John Leonard’s Reading for My Life, reviewed.

John Leonard’s Criticism Sang With Deep Thought and High Art

John Leonard’s Criticism Sang With Deep Thought and High Art

Reading between the lines.
March 3 2012 12:08 AM

The King of the Delirious Professions

The critic John Leonard brought a scimitar to a knife fight.

Illustration by Derf Backderf.

Illustration by Derf Backderf.

Whenever you hear a child question whether journalistic criticism can sing with deep thought and high art, brandish a copy of John Leonard’s Reading for My Life and resist the urge to spank him with this canonical document. Take the humanistic approach instead. Open the volume at random and read aloud. If the child does not respond favorably to the pure music of this performance, then the child is uneducable, and it’s time for drastic action.

Troy Patterson Troy Patterson

Troy Patterson is Slate’s writer at large and a contributing writer at the New York Times Magazine.

The book picks up 50 pieces of the amazing mind of the late John Leonard, who wrote with a great gift for rich reference; who peered through books with X-ray laser eyes; who read politics with clarity and passion, like the last principled urban liberal, as opposed to the wayward Third Way type; who ranks as the great critic of television—of the signal medium of the American experiment—precisely because he had read all the great books and most of the bad ones and that background helps to place both Twin Peaks and the ash heaps of cable news in high relief.

Reading for My Life: Writings, 1958-2008
by John Leonard

Leonard wrote these pieces as a reviewer for the New York Times, as the television critic at New York, as the literary editor of The Nation, and as something or other everywhere else. “I like to think of myself as having published in the New York Review, the New Statesman, the Yale Review, and Tikkun,” he once wrote. “But there was also TV Guide.” He surveyed the Imperial City. His tag sometimes was Cyclops.

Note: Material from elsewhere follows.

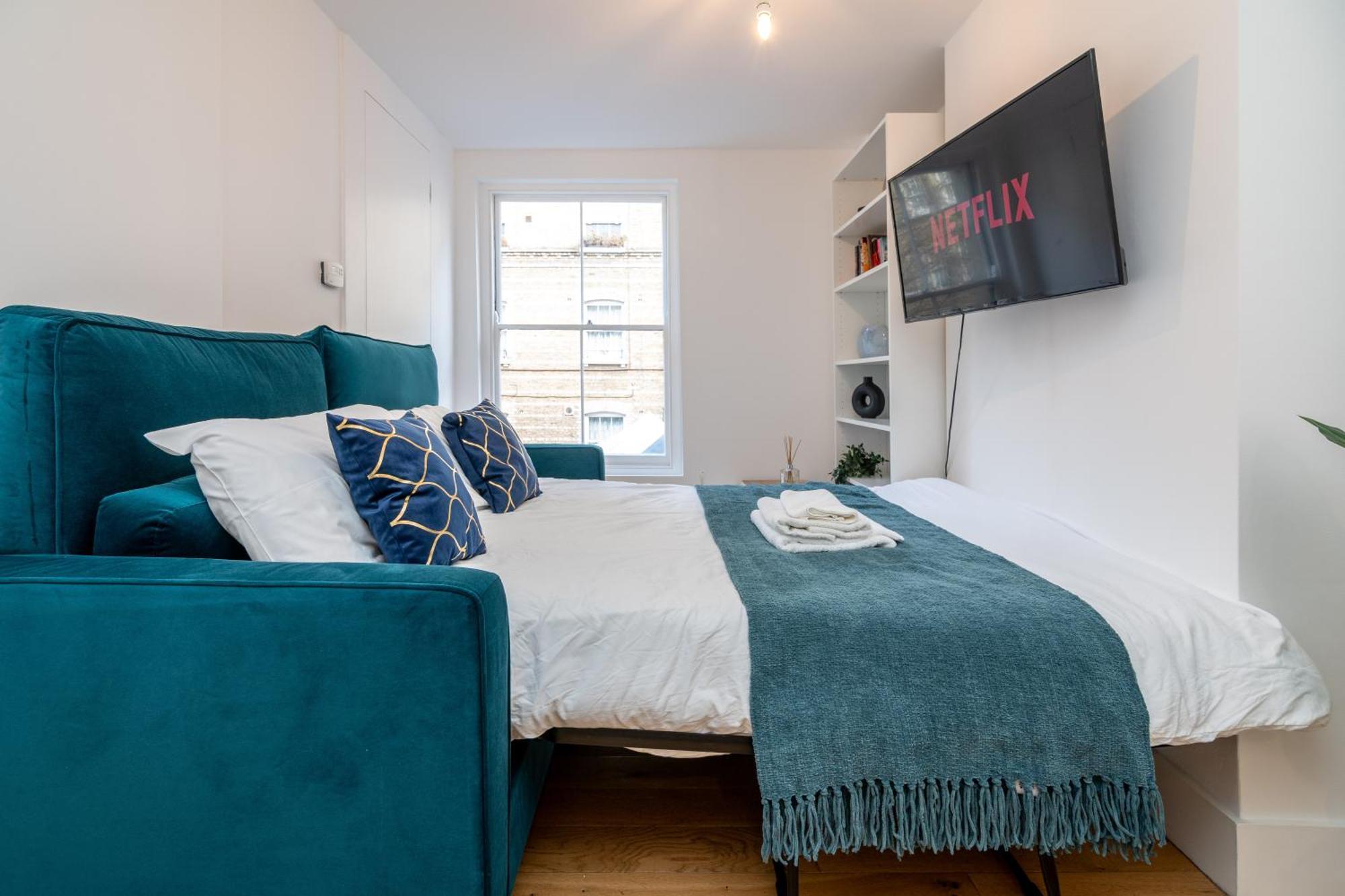The Deluxe Barbican Duplex Londres Extérieur photo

"I have more eyes than most flies," he wrote in September of 2001. Before the reek of charred electronics had even cleared, he was sniffing out life in the new surveillance state and the putrid consensus manufactured by the feed: “After a couple of days of doing what they do best, which is grief therapy, the television networks and cable channels reverted to what they do worst, which is to represent the normal respiration of democratic intelligence.” Earlier, riffing on Ed Sullivan and his legacy and the squandering of it, he was characteristically prophetic. “As television expanded—let a hundred channels bloom!—the culture fell apart. It was as if the magic once so concentrated in a handful of choices had managed somehow to dissipate itself, like an expanding universe after the Big Bang, into chaos, heat, and fractals. … Who needs Ed when we can become famous for nothing more compelling than having already been on television?” He wrote that sentence in 1992, when the Real World/Road Rules Challenge was but a glimmer in the TV eye.

In the book’s introduction, E.L. Doctorow profitably references Frank Kermode: “Every piece of literary criticism rewrites the text it examines.” In that 9/11 piece, Leonard wrote that “our intellectual responsibility is to read our own minds.” The triumph of Leonard’s practice was to unite these principles in his performance. He called New Journalism “zoot-suited prose,” and his approach shares similarities with those reporters’. (Not incidentally, this book includes pieces on both Gay Talese and Tom Wolfe, both of whose suits get rumpled. Dismantling Thy Neighbor’s Wife, Leonard pans the me-decade decadence of the sexual revolution. Analyzing The Bonfire of the Vanities, he walks around the block in Sherman McCoy’s shoes and returns with fascinating insights about Wolfe’s insights on style.) Leonard tended to dress his own ideas in outfits that are less zooty than boho tending to wizardly. The many long list-sentences here play to incantatory effect—some like Beatnik shopping lists, some like Homer’s catalog of ships.


This greatest-hits package doubles—and triples and scores—as a history of global culture and American literature, as a shadow canon and an intellectual history. Here come the big boys: Robert Stone, Don Delillo, Thomas Pynchon; Richard Powers, Jonathan Lethem, Michael Chabon; Roth and Ellison; Mailer (but not Updike?); Toni Morrison and Joan Didion and Ms. Steinem. And, fine, I suppose there’s no way around finally cracking open Maureen Howard, after reading her described as “Mary McCarthy … grown up to be Nadine Gordimer.”